Coming Soon! Bogart Doughnut Co.
Chef/owner Anne Rucker offers a preview
TC Taste periodically asks local restaurateurs to give us a preview of their new business. This week, Anne Rucker gives us a taste of her forthcoming south Minneapolis donut shop, Bogart Doughnut Co.
(Check back next week for part 2.) Part II of the Bogart Doughnut Co. Story.
Part I: Taking the Leap
During the winter of 2010, I was an unhappily practicing attorney who baked, blogged, and fried doughnuts as a means to stay sane. After a nudge from a trusted friend, I decided to apply for a spot at the Kingfield farmers market, which turned out to be one of the best decisions I’d ever made.
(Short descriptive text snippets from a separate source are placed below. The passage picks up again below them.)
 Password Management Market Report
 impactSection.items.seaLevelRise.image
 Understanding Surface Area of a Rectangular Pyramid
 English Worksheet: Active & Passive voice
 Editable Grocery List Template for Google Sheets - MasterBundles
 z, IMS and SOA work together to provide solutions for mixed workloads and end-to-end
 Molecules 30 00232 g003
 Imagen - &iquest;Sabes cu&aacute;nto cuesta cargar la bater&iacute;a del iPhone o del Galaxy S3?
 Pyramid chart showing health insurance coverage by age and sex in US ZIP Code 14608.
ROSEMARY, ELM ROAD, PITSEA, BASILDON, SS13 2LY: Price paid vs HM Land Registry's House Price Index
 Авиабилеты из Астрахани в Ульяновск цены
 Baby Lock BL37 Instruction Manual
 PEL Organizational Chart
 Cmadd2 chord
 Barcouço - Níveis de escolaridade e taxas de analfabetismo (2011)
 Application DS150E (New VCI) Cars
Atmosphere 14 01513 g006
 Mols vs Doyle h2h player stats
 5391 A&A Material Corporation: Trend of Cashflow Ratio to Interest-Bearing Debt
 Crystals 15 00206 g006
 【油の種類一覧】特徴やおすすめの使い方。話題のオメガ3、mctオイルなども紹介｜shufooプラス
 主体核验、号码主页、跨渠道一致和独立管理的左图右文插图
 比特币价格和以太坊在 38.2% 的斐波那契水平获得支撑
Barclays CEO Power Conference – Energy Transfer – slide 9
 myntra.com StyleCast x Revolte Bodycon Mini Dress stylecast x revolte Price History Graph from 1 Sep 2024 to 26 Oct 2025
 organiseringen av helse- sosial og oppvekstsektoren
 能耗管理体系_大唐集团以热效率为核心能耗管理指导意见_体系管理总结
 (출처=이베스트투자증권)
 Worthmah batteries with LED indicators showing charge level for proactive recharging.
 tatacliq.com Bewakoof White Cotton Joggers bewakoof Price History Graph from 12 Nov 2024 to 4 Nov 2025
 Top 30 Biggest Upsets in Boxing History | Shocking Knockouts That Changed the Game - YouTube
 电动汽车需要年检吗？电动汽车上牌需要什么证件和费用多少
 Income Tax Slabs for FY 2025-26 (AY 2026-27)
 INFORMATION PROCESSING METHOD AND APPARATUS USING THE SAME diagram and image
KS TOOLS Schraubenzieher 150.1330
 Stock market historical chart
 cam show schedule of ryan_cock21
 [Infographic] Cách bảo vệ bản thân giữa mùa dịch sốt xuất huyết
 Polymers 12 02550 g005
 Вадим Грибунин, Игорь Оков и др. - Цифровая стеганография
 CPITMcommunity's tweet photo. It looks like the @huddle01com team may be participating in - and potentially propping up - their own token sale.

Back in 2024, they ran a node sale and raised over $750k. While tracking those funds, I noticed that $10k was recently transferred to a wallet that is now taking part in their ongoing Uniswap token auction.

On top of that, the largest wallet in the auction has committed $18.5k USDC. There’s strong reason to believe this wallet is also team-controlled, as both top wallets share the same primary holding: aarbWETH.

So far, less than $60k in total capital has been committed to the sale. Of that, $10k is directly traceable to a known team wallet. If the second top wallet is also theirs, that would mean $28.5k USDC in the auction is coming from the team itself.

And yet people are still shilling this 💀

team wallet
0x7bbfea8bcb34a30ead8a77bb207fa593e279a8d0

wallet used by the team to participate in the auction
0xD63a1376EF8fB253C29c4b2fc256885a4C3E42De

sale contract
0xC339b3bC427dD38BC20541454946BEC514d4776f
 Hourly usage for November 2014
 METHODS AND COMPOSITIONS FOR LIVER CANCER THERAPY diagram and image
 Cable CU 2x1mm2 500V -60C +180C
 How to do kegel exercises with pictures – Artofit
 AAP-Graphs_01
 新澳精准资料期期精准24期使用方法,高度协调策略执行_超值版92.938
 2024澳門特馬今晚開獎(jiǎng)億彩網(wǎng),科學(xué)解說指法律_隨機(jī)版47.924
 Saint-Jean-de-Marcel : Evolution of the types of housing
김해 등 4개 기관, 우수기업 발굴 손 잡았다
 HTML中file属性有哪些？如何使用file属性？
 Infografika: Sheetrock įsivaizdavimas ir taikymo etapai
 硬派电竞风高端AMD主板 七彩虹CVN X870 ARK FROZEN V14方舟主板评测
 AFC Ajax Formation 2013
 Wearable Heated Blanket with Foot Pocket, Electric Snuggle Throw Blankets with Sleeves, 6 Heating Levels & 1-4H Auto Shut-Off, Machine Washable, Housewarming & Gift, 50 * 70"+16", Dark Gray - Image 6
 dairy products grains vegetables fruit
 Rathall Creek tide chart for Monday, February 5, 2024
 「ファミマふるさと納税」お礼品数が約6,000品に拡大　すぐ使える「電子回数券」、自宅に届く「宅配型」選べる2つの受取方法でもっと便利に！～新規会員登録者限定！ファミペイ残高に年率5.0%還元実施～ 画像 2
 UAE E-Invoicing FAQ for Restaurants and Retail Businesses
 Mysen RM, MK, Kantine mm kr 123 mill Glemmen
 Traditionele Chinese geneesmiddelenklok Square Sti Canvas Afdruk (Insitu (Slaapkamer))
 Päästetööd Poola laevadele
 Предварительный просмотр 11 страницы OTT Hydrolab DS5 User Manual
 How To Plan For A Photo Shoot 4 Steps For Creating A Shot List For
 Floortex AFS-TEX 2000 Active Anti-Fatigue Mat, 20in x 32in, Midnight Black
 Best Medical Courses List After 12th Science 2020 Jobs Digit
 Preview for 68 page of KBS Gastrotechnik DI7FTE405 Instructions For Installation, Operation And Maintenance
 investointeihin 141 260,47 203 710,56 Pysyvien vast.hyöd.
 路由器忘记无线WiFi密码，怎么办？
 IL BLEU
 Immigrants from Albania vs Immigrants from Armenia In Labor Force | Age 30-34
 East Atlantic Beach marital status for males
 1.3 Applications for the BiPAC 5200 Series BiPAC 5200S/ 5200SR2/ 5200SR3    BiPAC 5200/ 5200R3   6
As all great ones do, this decision brought with it many moments of doubt. It quickly became heady, tiring work, which I anticipated but had never experienced. On the evenings before the market I would pour myself into bed after a full day of prep, set my alarm for midnight and pass out for three hours before groggily rising to spend the early morning hours cutting and frying doughnuts. It made me appreciate the staff at my local bakeries. It made me appreciate sleep. Yet, despite the dark circles under my eyes, I remained happy in the work and soon found this weekend-only project morphing into the beginnings of a full-fledged small business. I was gaining invaluable feedback and earning a loyal customer base, two things I couldn’t now imagine starting a brick and mortar doughnut shop without. The last three seasons I’ve spent selling at the market gave me affirmation that a retail location just might work.
When I mustered up enough guts to look for a spot, I took my time. Most of the spaces I looked at were too big, too expensive or just didn’t feel right. After a year of looking and just as I was beginning to doubt the entire prospect, the flower shop in my neighborhood (Amelia’s at 36th and Bryant in south Minneapolis) closed. The space it left was tiny, about 250 square feet on street level, but the moment I walked in I knew it was the one. Soon a lease was signed, and I was on my way to being the proud yet petrified owner of a doughnut shop.